RECORD EXCERPTS ▸
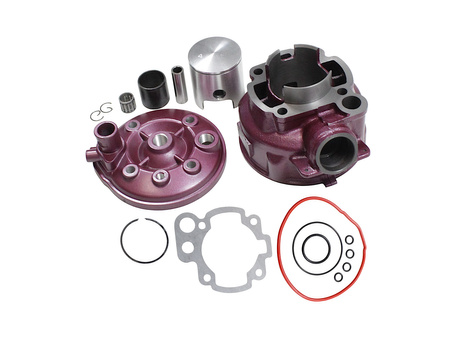 Cylinder żeliwny z głowicą power force aprilia rs tuono peugeot xp7 yamaha dt minarelli am6 49 mm 2t wiśnia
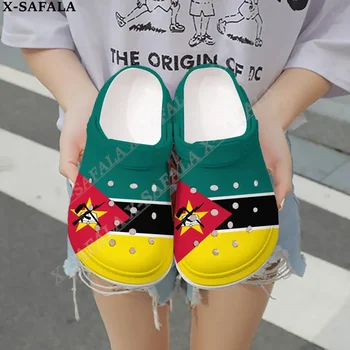 Любов Мозамбик флаг страна 3D печат мъже жени класически сабо чехли обувки EVA Ligtweight сандали летен плаж на открито-1
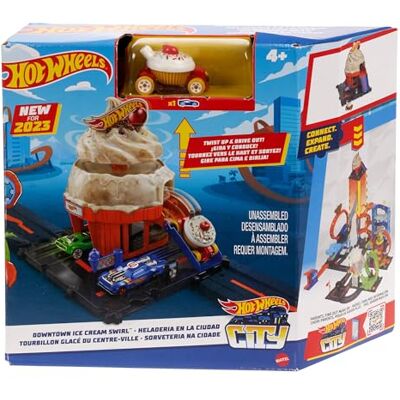 Hot Wheels City Coffret Ville Course Glacée 1 Voiture, Structure de Jeu à connecter à d’Autres Coffrets, Jouet Enfant, Dès 4 Ans, HKX38 Hot Wheels City Coffret Ville Course Glacée 1 Voiture, Structure de Jeu à connecter à d’Autres Coffrets, Jouet Enfant, Dès 4 Ans, HKX38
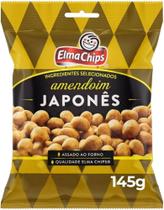Kit 5 Salgadinho Elma Chips Ovinhos De Amendoim Japonês 145gr
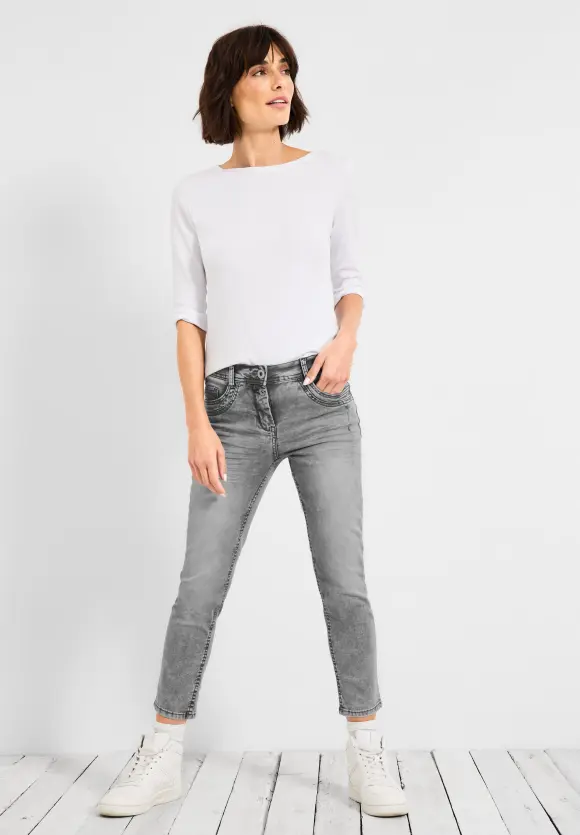 CECIL Slim Fit Jeans in 7/8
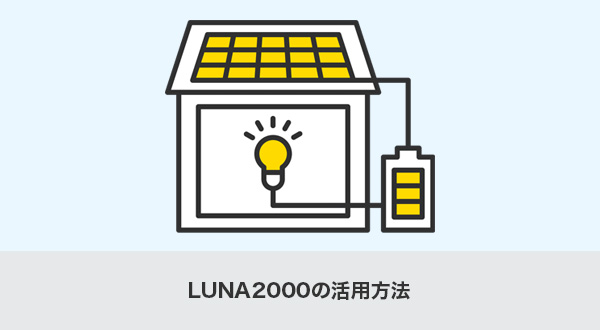 LUNA2000の活用方法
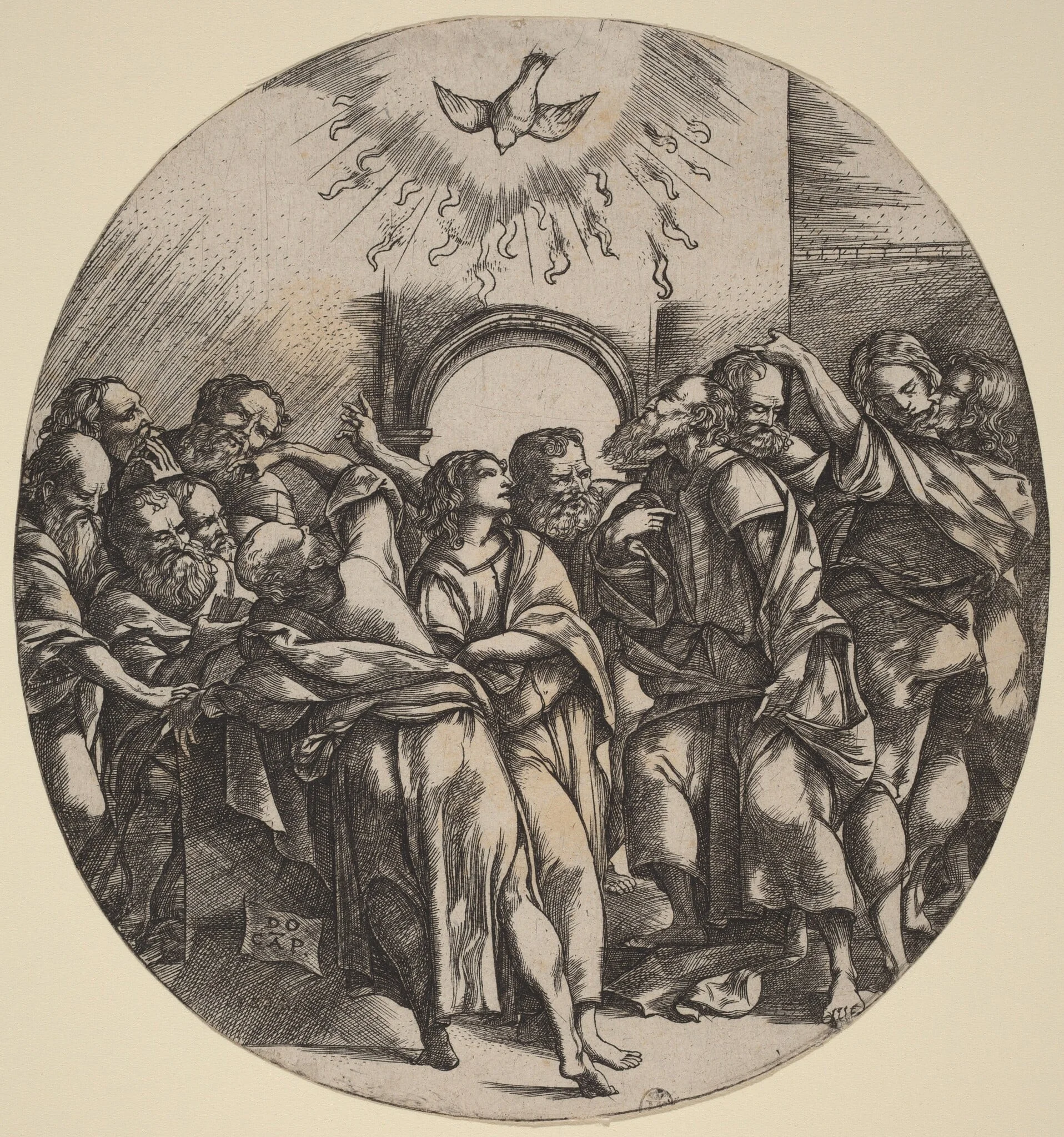 The Descent of the Holy Spirit, detail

AIM OF THE TASK ▸ Reproduce exactly the lines of the entries above from the first through the line with "Любов Мозамбик флаг", both included; pictures should not be reproduced.

RESPONSE ▸
 Cylinder żeliwny z głowicą power force aprilia rs tuono peugeot xp7 yamaha dt minarelli am6 49 mm 2t wiśnia
 Любов Мозамбик флаг страна 3D печат мъже жени класически сабо чехли обувки EVA Ligtweight сандали летен плаж на открито-1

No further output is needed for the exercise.